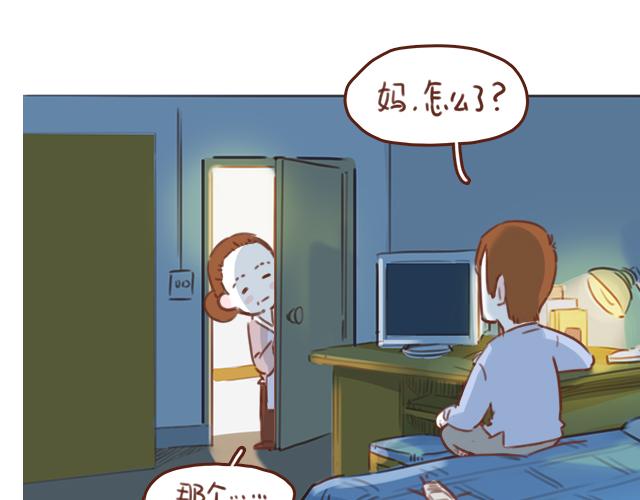 《再见，曾经喜欢的你《41厘米的超幸福》系列》第51话 你想过以后吗？ 第6页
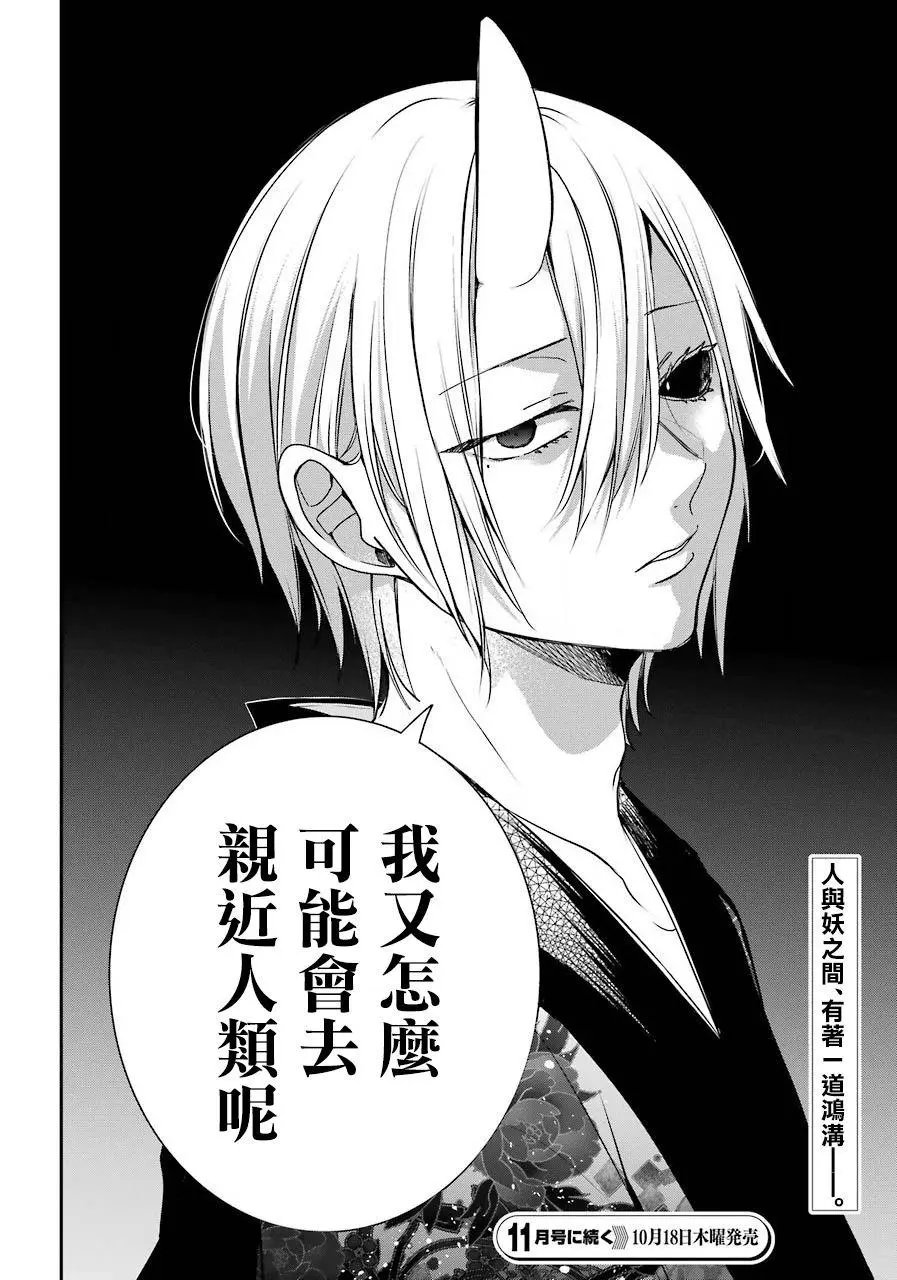 第47回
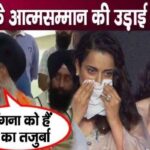 This leader gave a very shameful and objectionable statement on Kangana Ranaut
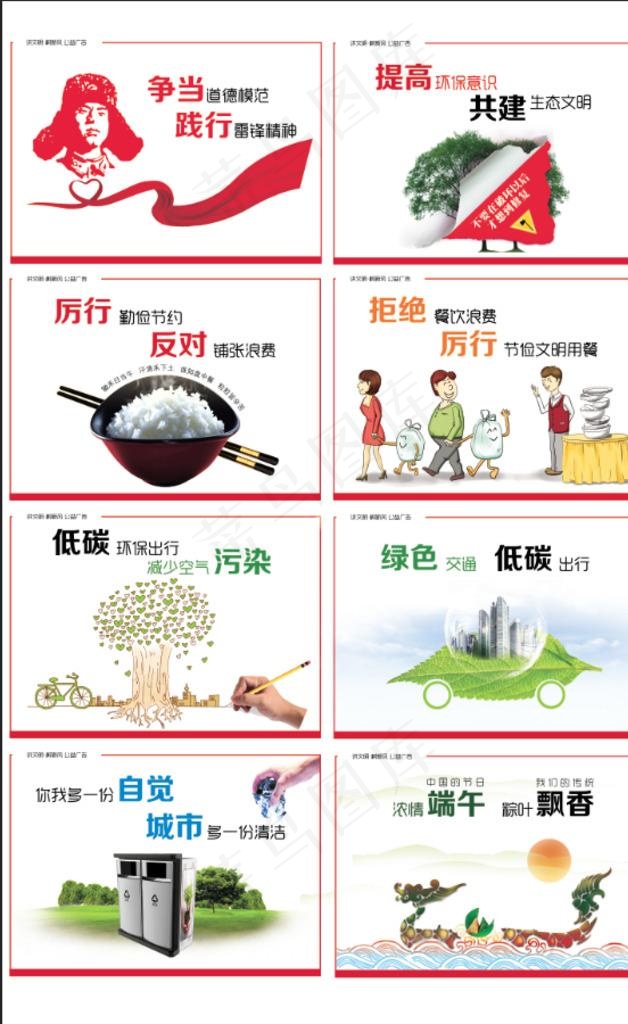 文明建设图片(5906X9258(DPI:300))psd模版下载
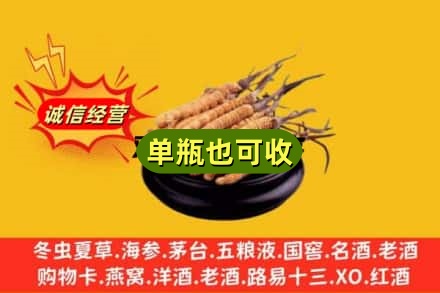 古冶区回收虫草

Exercise aim:
From the first line to the last, repeat the entries exactly and leave out the pictures.

Written response:
 《再见，曾经喜欢的你《41厘米的超幸福》系列》第51话 你想过以后吗？ 第6页
 第47回
 This leader gave a very shameful and objectionable statement on Kangana Ranaut
 文明建设图片(5906X9258(DPI:300))psd模版下载
 古冶区回收虫草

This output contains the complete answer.